For our purposes, the key question is what order are the filters that the getFiltersForRequest() call iterates over stored in? The order is determined by the order in which filters are saved to this list and filters are added to that list as calls are made to the loadFilters() function for a module. Inside loadFilters() for each module, the filters are loaded in the appropriate order (top → bottom as the <filter-mapping> entries are encountered in config.xml). These loaded filter mappings are then appended to the end of the list of filters.

loadFilters() itself is called in two places, either as each module loads or after the initial Spring refresh is done (this is usually when filters are loaded on startup). The order in which loadFilters() is called for different modules depends on the order they are returned from ModuleFactory.getStartedModules() and this order in turn is determined by the order in which they are returned from a WeakHashMap. A WeakHashMap has essentially the same order guarantees as a HashMap, which is to say consistent (as long as items are not added or deleted between iterations), but very unobvious.

Recommendation

loadFilters() (and loadServlets(), though this is less important) should be called in the order that the modules were loaded. This is to ensure that the order in which filters are executed is consistent with the order in which modules are loaded. This will ensure that filters for modules are loaded in the same order as modules themselves, and thus easier to reason about.
Filters should be loaded by prepending new filters to the list of filters.

2 might take a bit of explanation. The idea here is this: filters can have effects that apply either before a request is handled to the servlet (e.g., authentication), after a request is handled by the servlet (e.g. compressing the result) or do both of these things. Filters that have effects before the request reaches the servlet should also have their effects before the request reaches any filter from a module they depend on. This makes the solution to the problem I outlined above simply a matter of making the OAuth2 module aware_of the FHIR2 module, so that its authentication filter runs before the FHIR2 forwarding filter. Similarly, filters that have their effects after the request reaches the servlet should be able to be applied after all the filters of modules they depend on have run.
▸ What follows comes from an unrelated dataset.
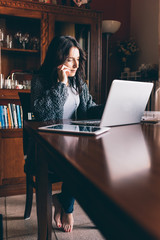 Entrepreneur calling on phone and working on line with a laptop sitting in a desk at home - business, technology, multitasking concept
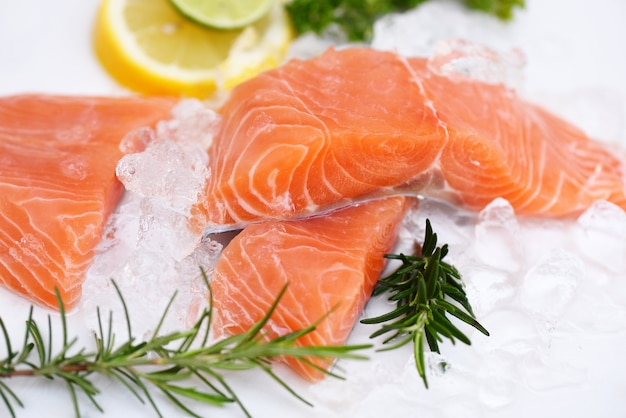 Filete de salmón crudo con hierbas y especias sobre fondo negro oscuro, pescado de salmón fresco en hielo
Finally, and this is incidental to all of the above, (so is probably a separate platform ticket): we should replace the caches using a WeakHashMap<String, Module> with ones using HashMap<String, WeakReference<Module>> as this expresses what I assume was the original intention. (WeakHashMaps hold WeakReferences to their keys, meaning when their keys are garbage collected, their entries are effectively removed from the map. The idea of a WeakHashMap is that you can store metadata about an object that doesn’t prevent that object from being garbage collected. However a WeakHashMap where the keys are strings is basically a less performant HashMap because Java Strings are stored as constants in the string pool and never removed by the garbage collector; a map where the values are WeakReferences would allow the values—the module objects in this case—to be garbage collected when there are no other references to them. The only issue is that a map with values of weak references needs to periodically poll itself to remove keys that point to values that are now null).

burke · December 18, 2021, 7:00pm

Thanks for the thoughtful proposal and excellent explanation, @ibacher!

I agree with your solution and I’m glad to avoid the anti pattern of assigning relative weight/priority numbers to try to implicitly handle sorting (and inevitably becomes a race to the top).

Could the get/iterator methods be designed to remove/filter nulls just in time (e.g., skip nulls or behave as if a null entry doesn’t exist & trigger cleanup only when needed)?

dkayiwa · December 18, 2021, 9:09pm

I like this proposal.

This makes a lot of sense and i wonder how we missed it!